“Yes, yes, I know; but I had to get to”—leaving the sentence unfinished he picked up the evening paper and turned the sheets swiftly until he came to the financial page, read its quotations, and then flung it down on the flat-top desk. “Jove, Claire, John’s death has been a frightful shock. It’s—it’s”—holding out a hand which shook slightly—“it’s unnerved me.”
Mrs. Hull laid aside her embroidery and looked directly at her husband, her eyes full of tears.
“John Meredith was a good man,” she said, “and the soul of honor.” She hesitated, then added in an awe-struck whisper, “Lucille said on the telephone that the authorities believe he was murdered.”
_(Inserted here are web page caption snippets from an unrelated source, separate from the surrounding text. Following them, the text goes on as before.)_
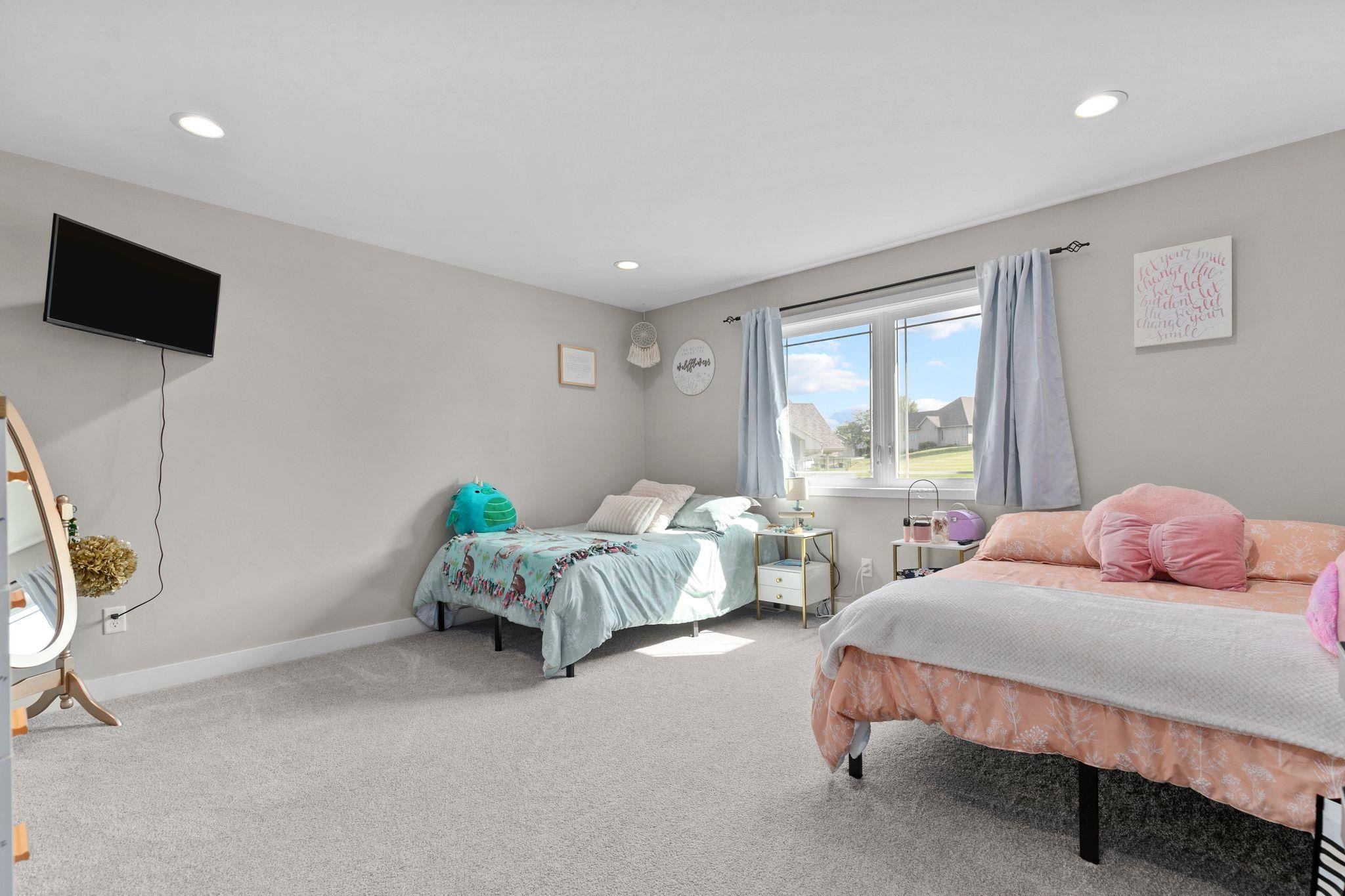 Sherwood, Wisconsin, 54169, United States, 4 Bedrooms Bedrooms, ,4 BathroomsBathrooms,Residential,For Sale,1977461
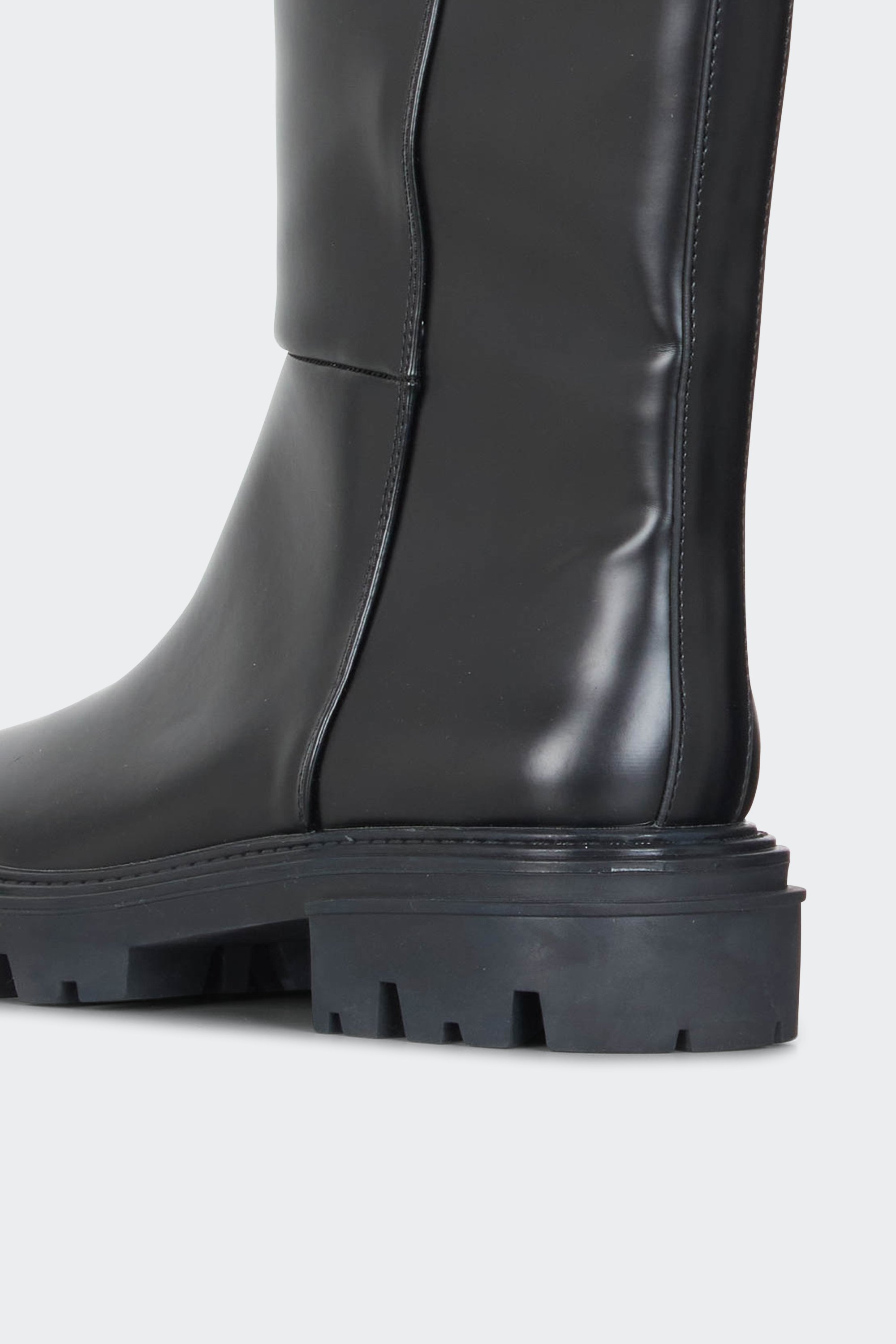 Bottes | Noir by VANESSA WU Bottes Noir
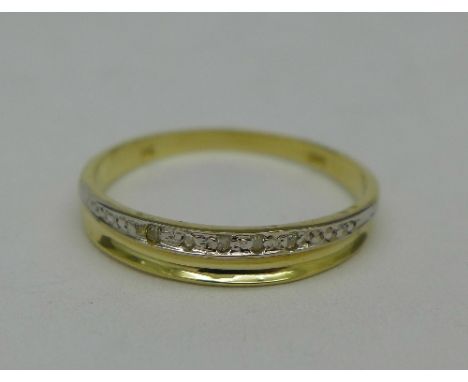 A 9ct gold and diamond ring, 1g, O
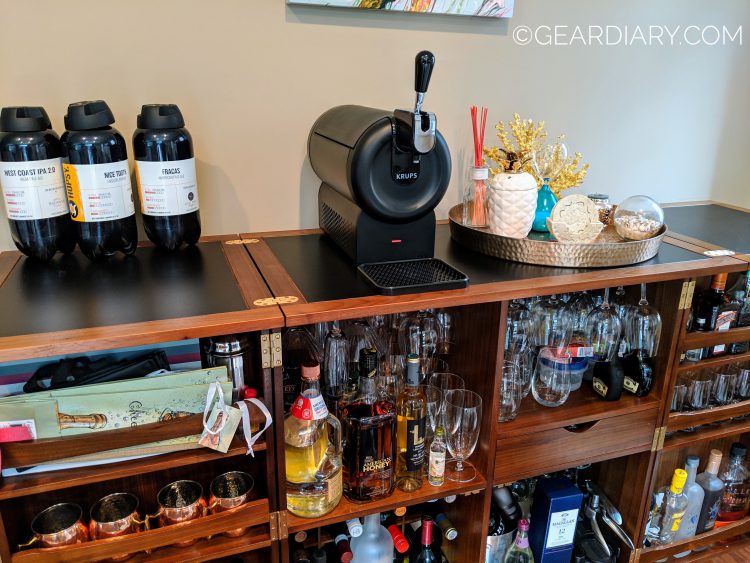 Hopsy Sub Compact Makes a Great (but Noisy) Addition to Your Bar at Home
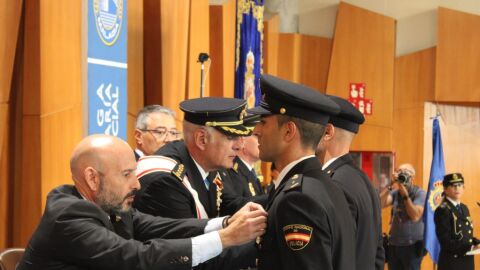 Condecoraciones a los agentes 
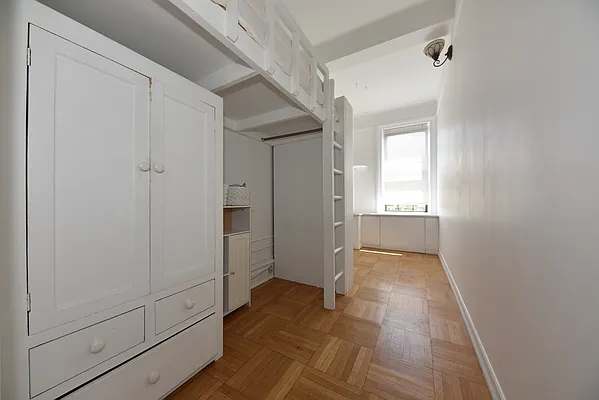 Rented by Buchbinder & Warren | media 22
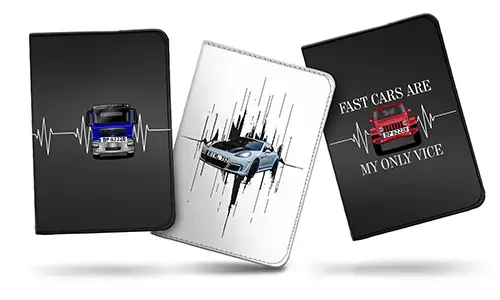 Trí chlúdach i gclárúchán feithicle leasaithe i dtraidisiúint: Carr gorma ina dteagmháil le dealg don chroí, carr spóirt gorm le línte gníomh, carr dearg le rún FAST CARS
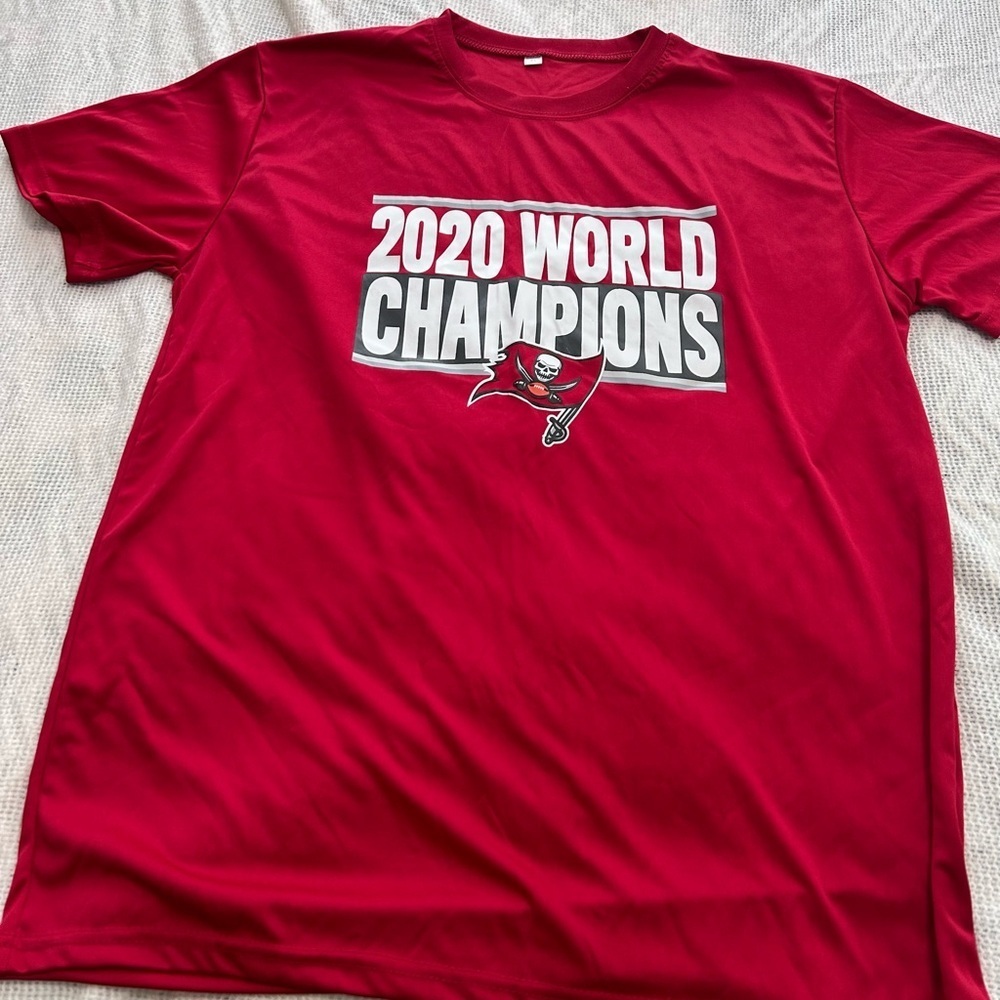 Tampa Bay Buc’s Shirt 2020 Champion
Size XL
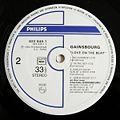 1984.10 Serge Gainsbourg 12-33 "Love on the beat" (FR: Philips 822 849-1). - Etikette B-Seite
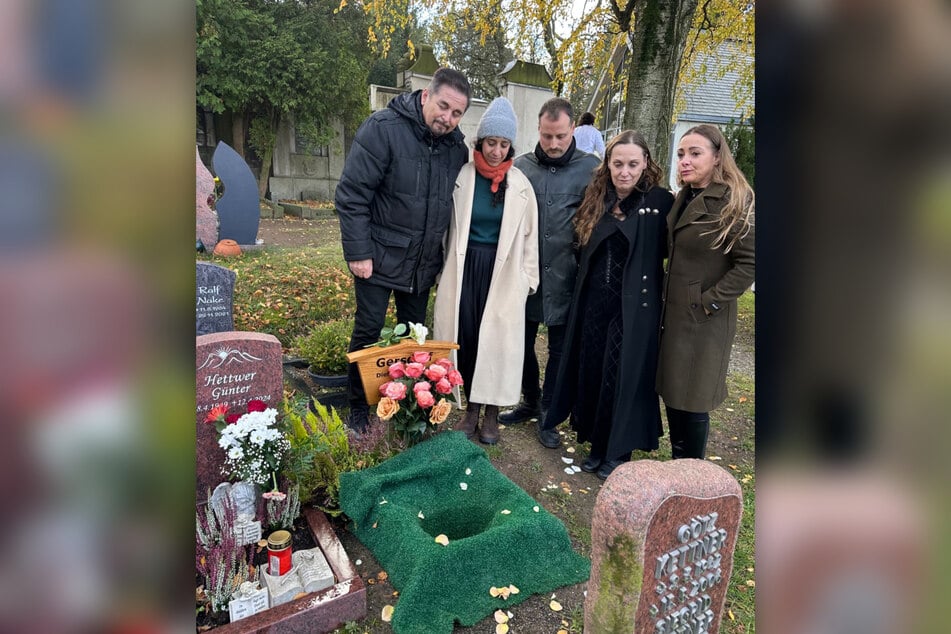 Im engsten Familienkreis wurde die Urne von Mama Rosemarie in Weißig beigesetzt.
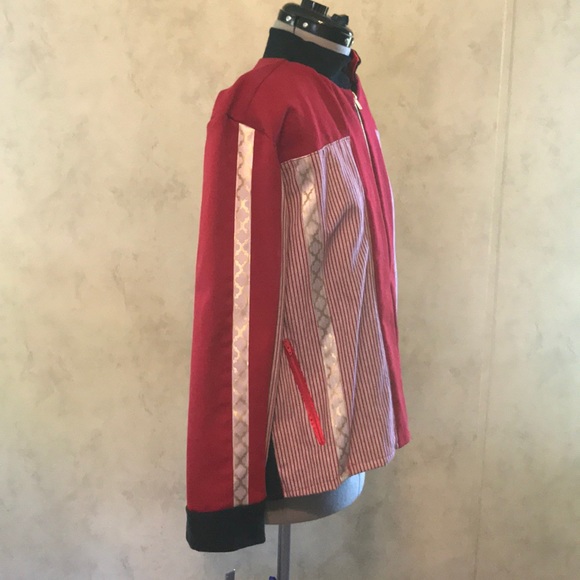 Jean jacket - Picture 2 of 7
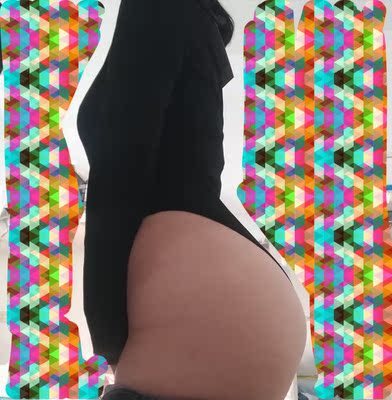 快递有些慢  不过衣服很喜欢啦 今天出门穿的它 套上羽绒服还不冷呢 不过我有点胖 有点勒逼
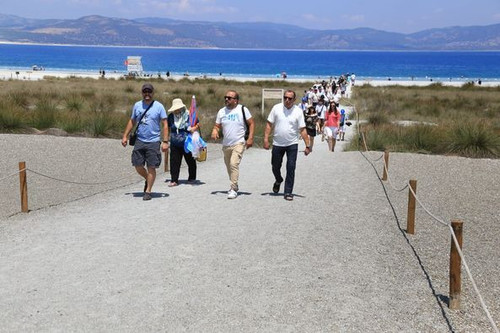 451230291 1038384694956814 5905235015295714132 n.jpg?stp=dst jpg p526x395& nc cat=104&ccb=1 7& nc si.jpg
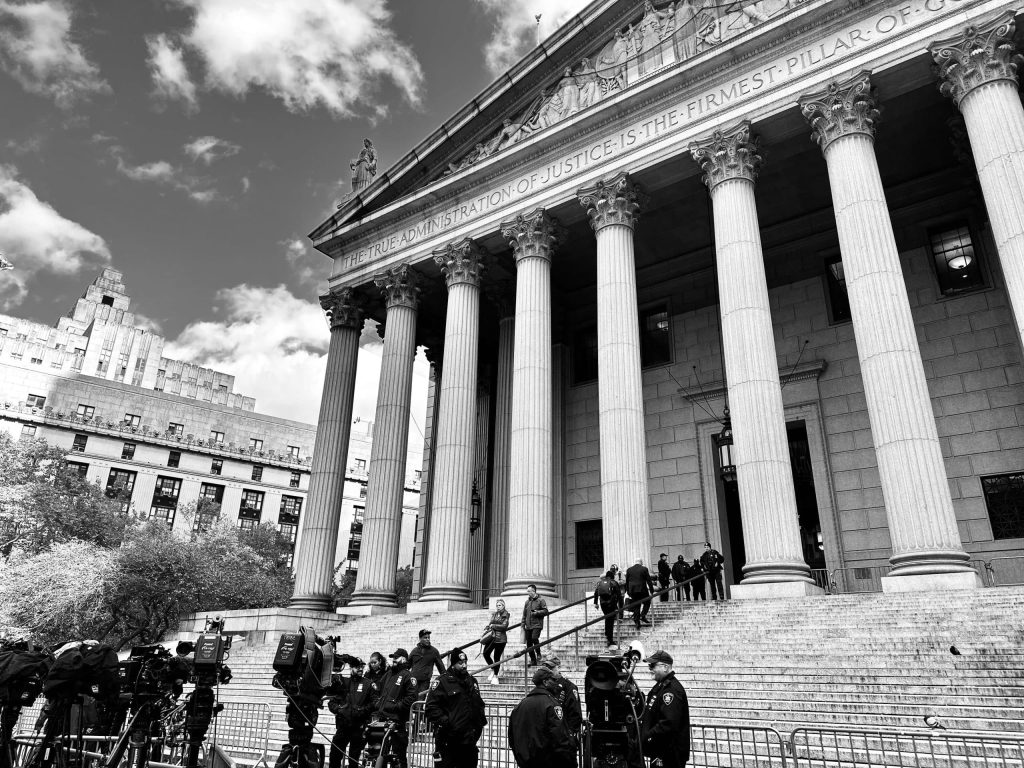 الملياردير المتصل بـ SBF جو لويس يعترف بالذنب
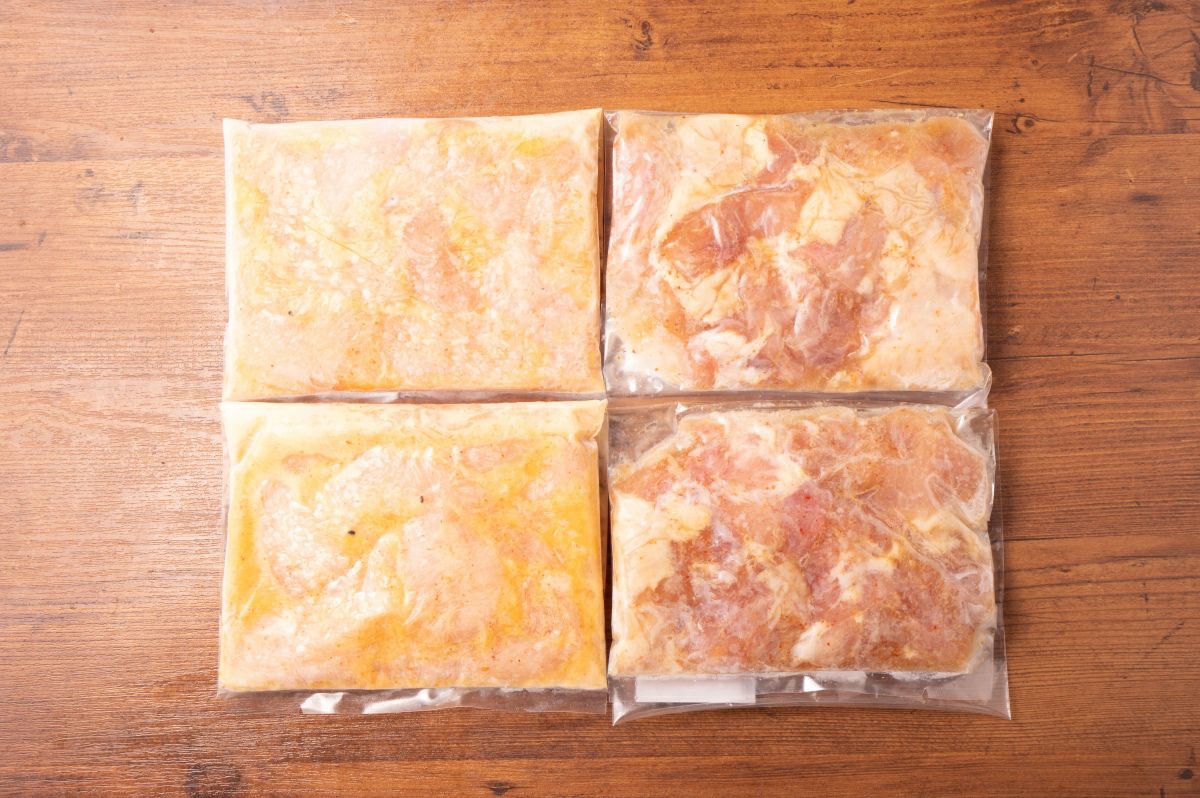 揚げるだけで簡単に調理できる、大分名物とり天と唐揚げ（合計800g）の冷凍パック内容量画像。大分の味覚を一度に楽しめる、お取り寄せグルメ。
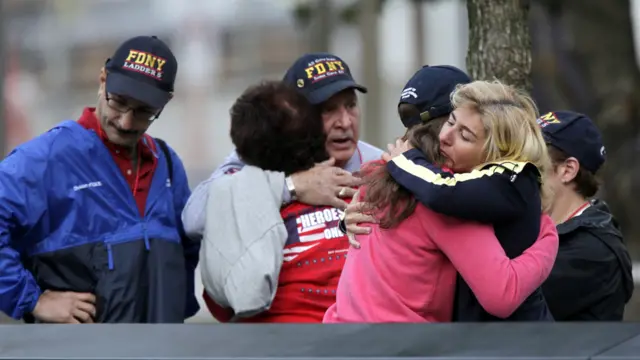 Warga menghadiri peringatan 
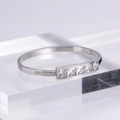 Lussuoso bracciale in argento con cinque zirconi quadrati su un moderno espositore acrilico - Color Acciaio
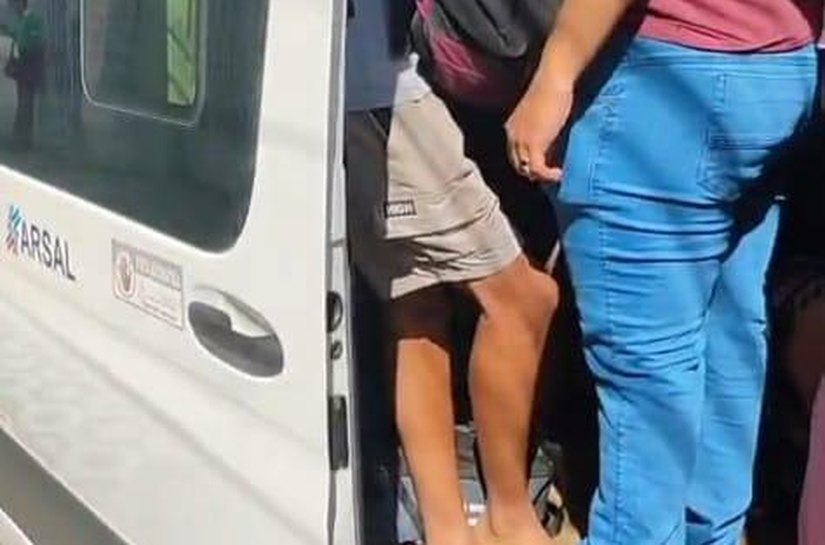 DMTT aborda van superlotada e com tacógrafo vencido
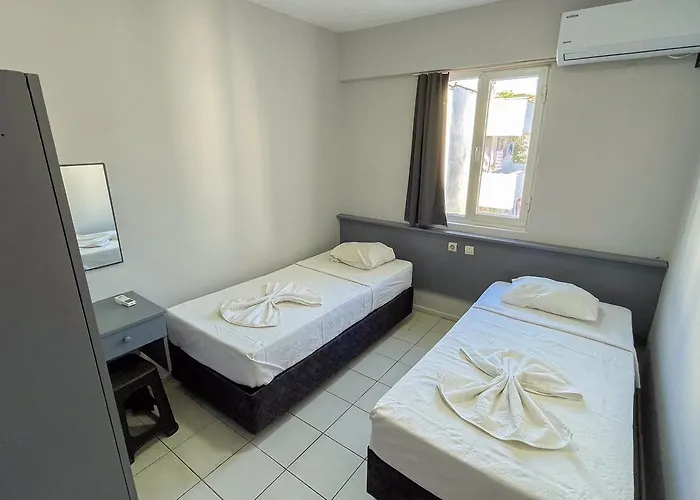 Apartahotel Saffron 3*
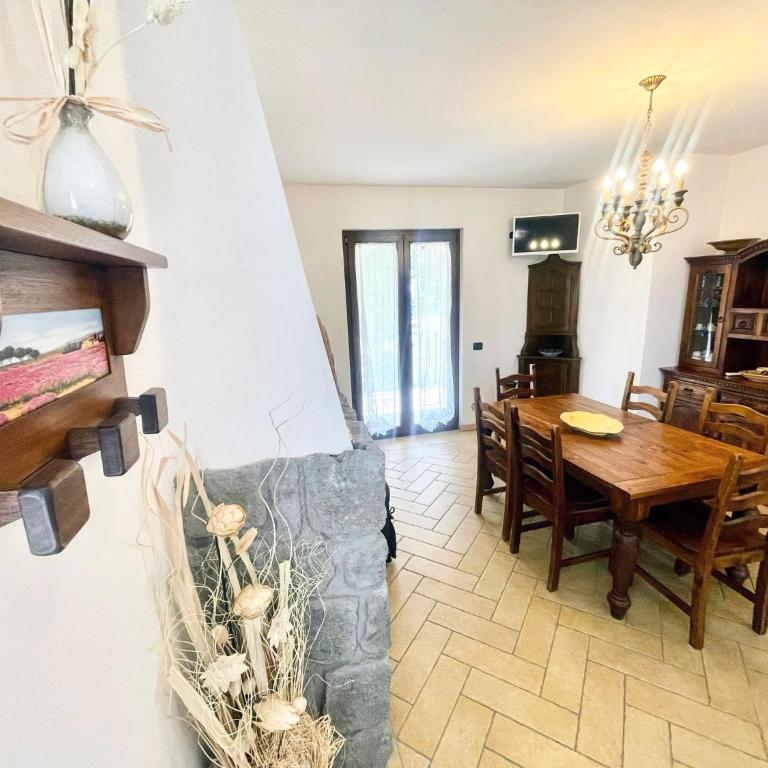 Charming villa in Umbria - sleeps 16 - lake view - Pool, jacuzzi and events room - Villa - 16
Her startling news did not have the effect she had anticipated; instead of the intense excitement she had expected, Colonel Hull nodded his head solemnly and remained absolutely silent. Mrs. Hull scanned him in surprise.
It was from her father that Lucille inherited her finely chiseled features and brilliant coloring, also her tendency to “nerves.” Mrs. Hull’s phlegmatic disposition matched her colorless appearance. There was nothing original about Mrs. Hull; she led a parrot-like existence, taking her ideas of life from her husband and depending upon Lucille for style in dress and deportment. Her kitchen and housewifely duties bounded her horizon. A woman of independent means, she had married Julian Hull at a time when his fortune was at low ebb and in spite of the fact that he was some five years her junior in age, and, prophecies to the contrary, the match had turned out most happily. Mrs. Hull had not shone in society, and it was with inward thanksgiving that she had, upon Lucille’s debut, laid the reins of entertaining in her daughter’s clever hands, and retired to her charities and her garden.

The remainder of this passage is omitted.